On the other hand I'm not sure whether you can get a motivation like that from reading the newspaper. Everyone who's involved in the newspaper believes that it's worth to teach children the theory of evolution so it's not worth writing a newspaper article about it.
Is it a secret persecution of fundamentalist Christians? The fundamentalist Christian from whom the government takes away the children for "child abuse" because the children don't go to school feel perscecuted. On the other hand the politician in question don't really feel like the are persecuting fundamentalist Christians.
The ironic thing about it is that compulsory schooling was introduced in Germany for the stated purpose of turning children into 'good Christians".
In a case like evolution, do you sincerely believe that the intellectual elite should use their power to push a Texan public school to teach evolution even if the parents of the children and the local board of education don't want it?
Yeah, when people in power create tools to help them maintain the power, if those tools are universal enough, they will be reused by the people who get the power later.
The trade-offs need to be discussed rationally. The answer would probably be "yes", but there are some negative side effects. For example, you create a precedent for other elites to push their agenda. (Just like those Christians did with the compulsory education.) Maybe a third option could be found. (Something like: Don't say what schools have to teach, but make the exams independent on schools. Make the evolutionary knowledge necessary to pass a biology exam. Make it public when students or schools or cities are "failing in biology".)
Why have governments control exams at all? Have different certifying authorities and employers are free to decide which authorities' diploma they accept.
That could work! On the other hand, it may set up a situation where a person who is only guilty of being raised in the wrong place may never get a decent job. Wonder what can be done to prevent that as much as possible?
And this differs from the status quo, how?
I was under the impression you wanted to improve things significantly.

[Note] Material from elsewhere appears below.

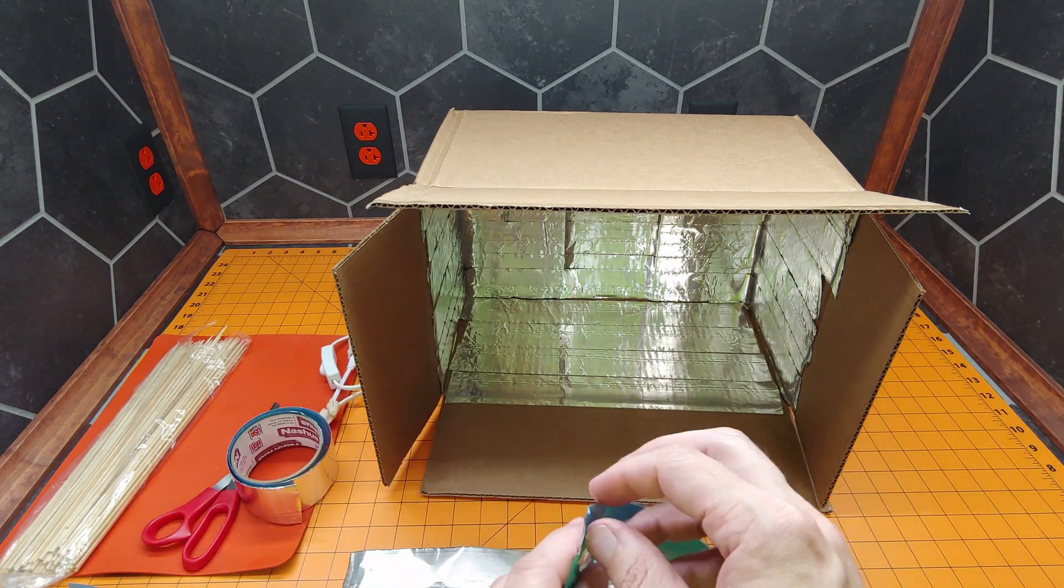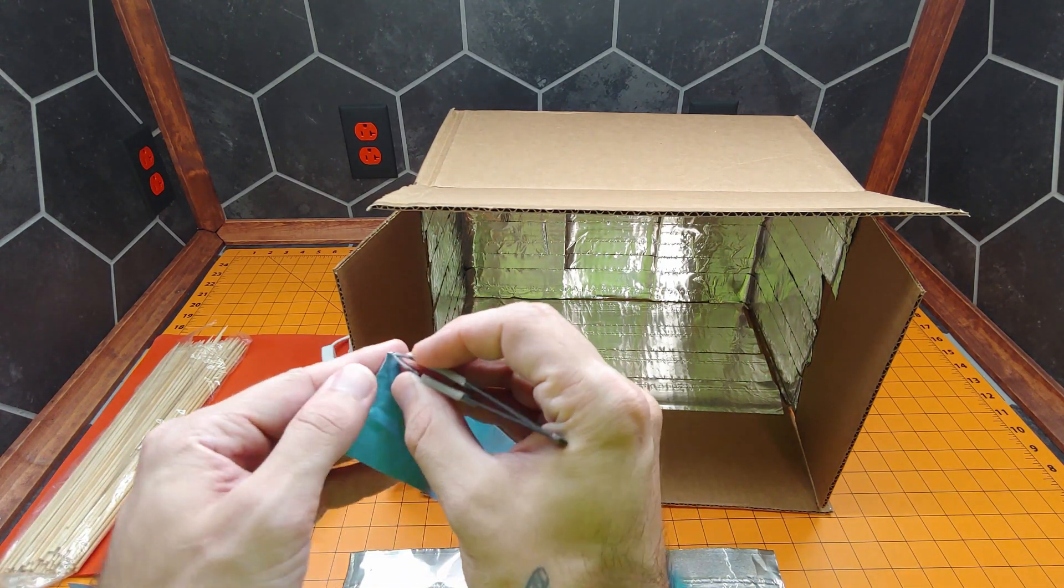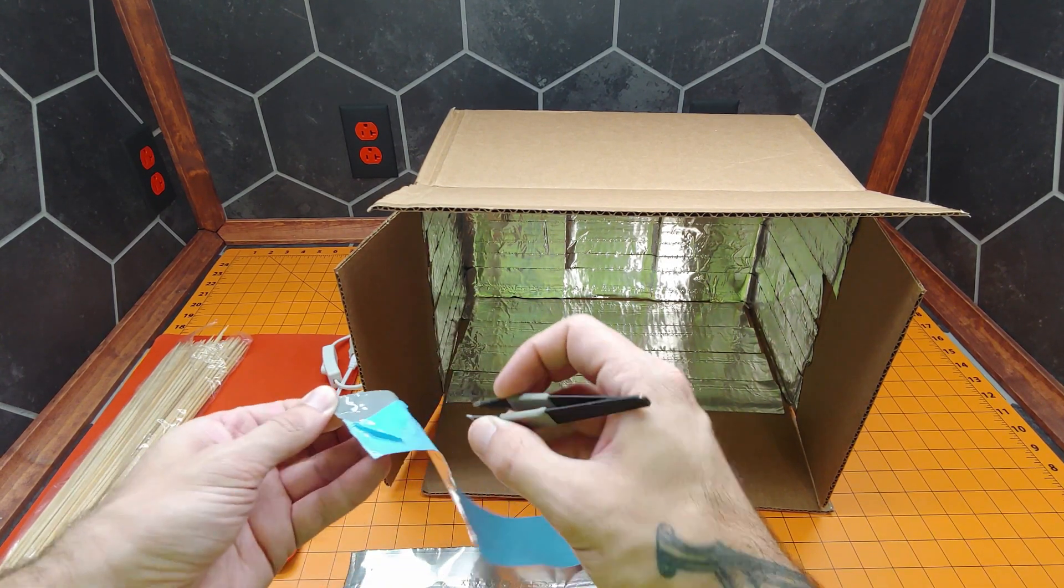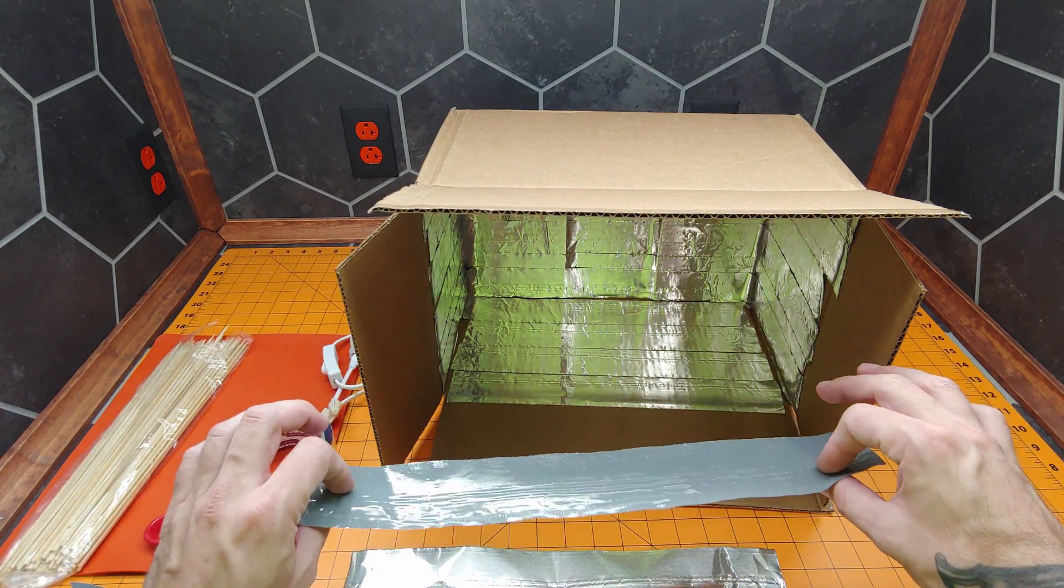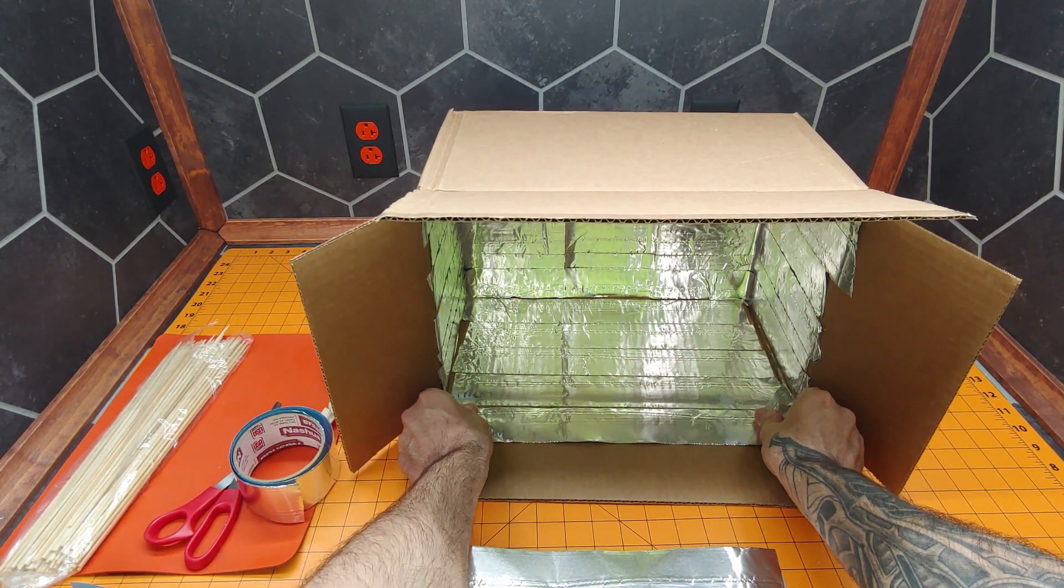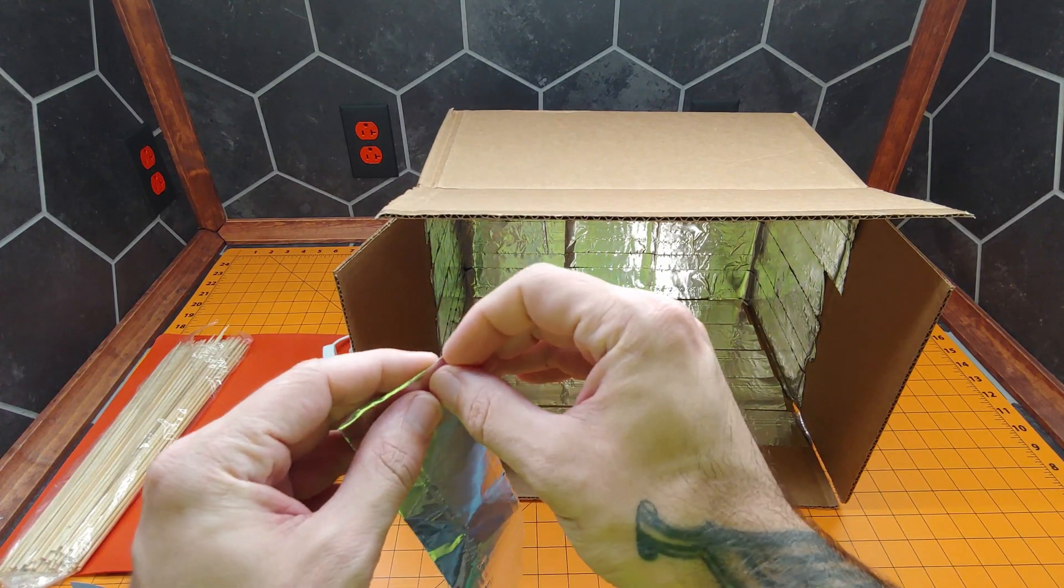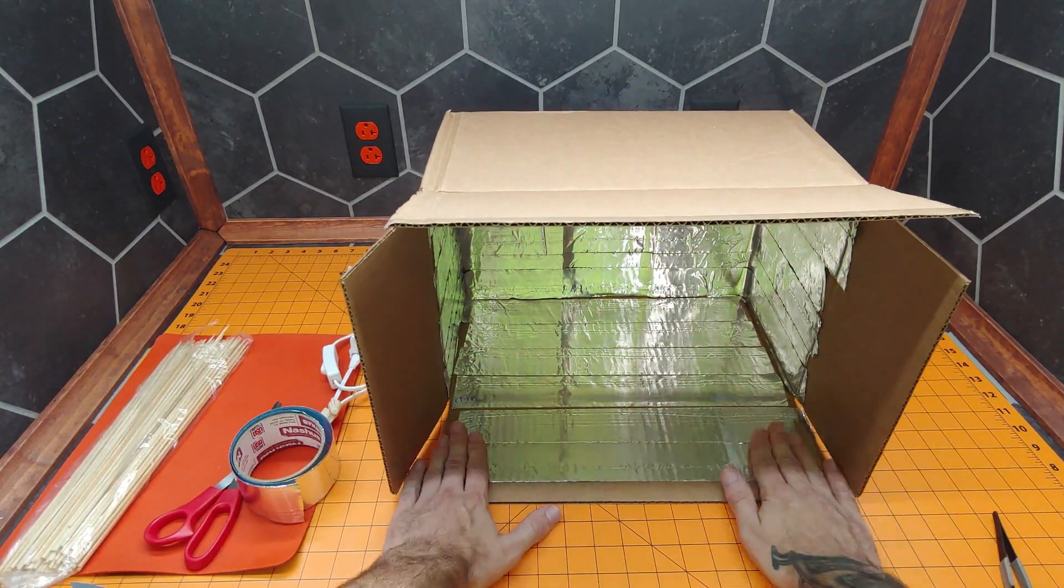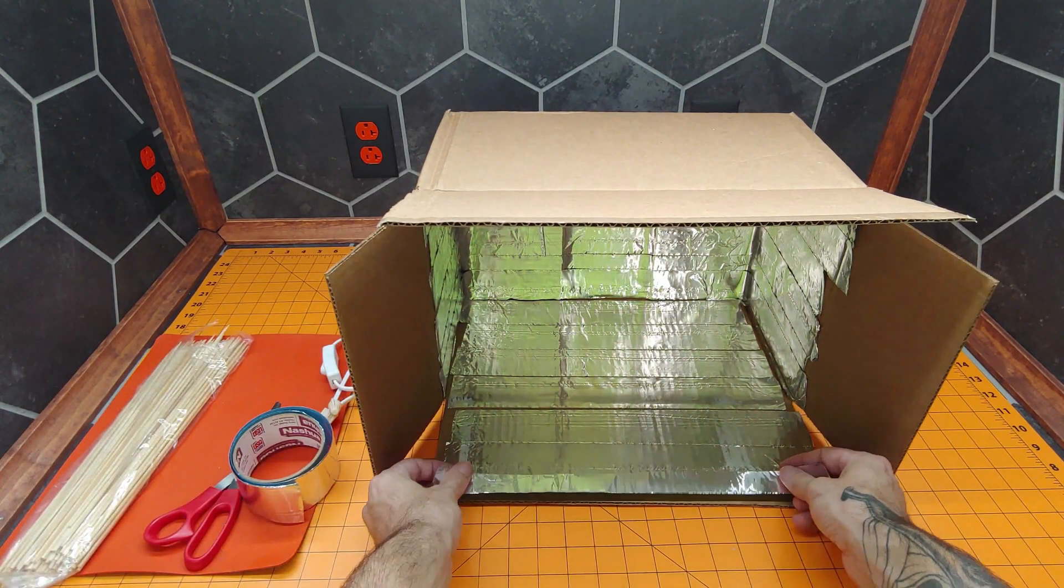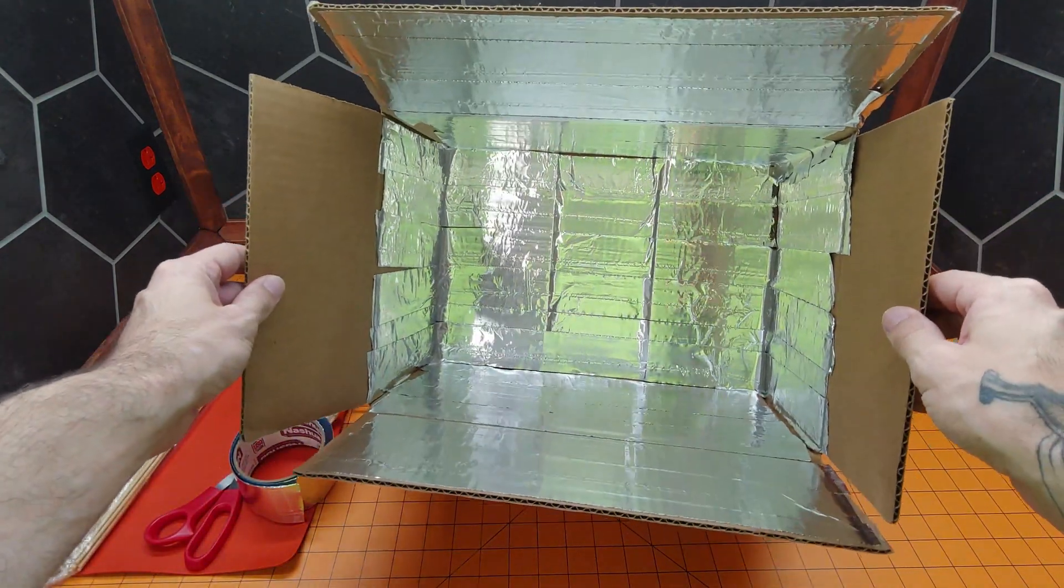This was a $10 roll of foil tape that I got at my local hardware store. So they have a protective backing. Once removed, it shows off the adhesive. Just lay it in place and give it a firm press. We'll do that with the last two strips. There we go. Our box is now foil lined.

Hence why I mentioned that issue--and it IS an issue.
My point is that a child's parents are more likely to make good decisions for the child then education bureaucrats.
That depends on the parents. Yes, many parents (including mine and, presumably, yours) have the best interests of the child at heart, and have the knowledge and ability to be able to serve those interests quite well.
This is not, however, true of all parents. There's no entrance exam for parenthood. Thus:
An education bureaucrat, on the other hand, is a person hand-picked to make decisions for a vast number of children. Ideally, he is picked for his ability to do so; that is, he is not a total idiot, directly abusive, dead, or missing, and he has a reasonable budget to work with. He also has less time to devote to making a decision per child.
Maybe elites that push their agenda have a much better chance keeping their power that don't? I'm not sure how much setting precedents limit further elites.
Basically you try to make the system more complicated to still get what you want but make people feel less manipulated.
Complicated and intransparent systems lead to conspiracy theories.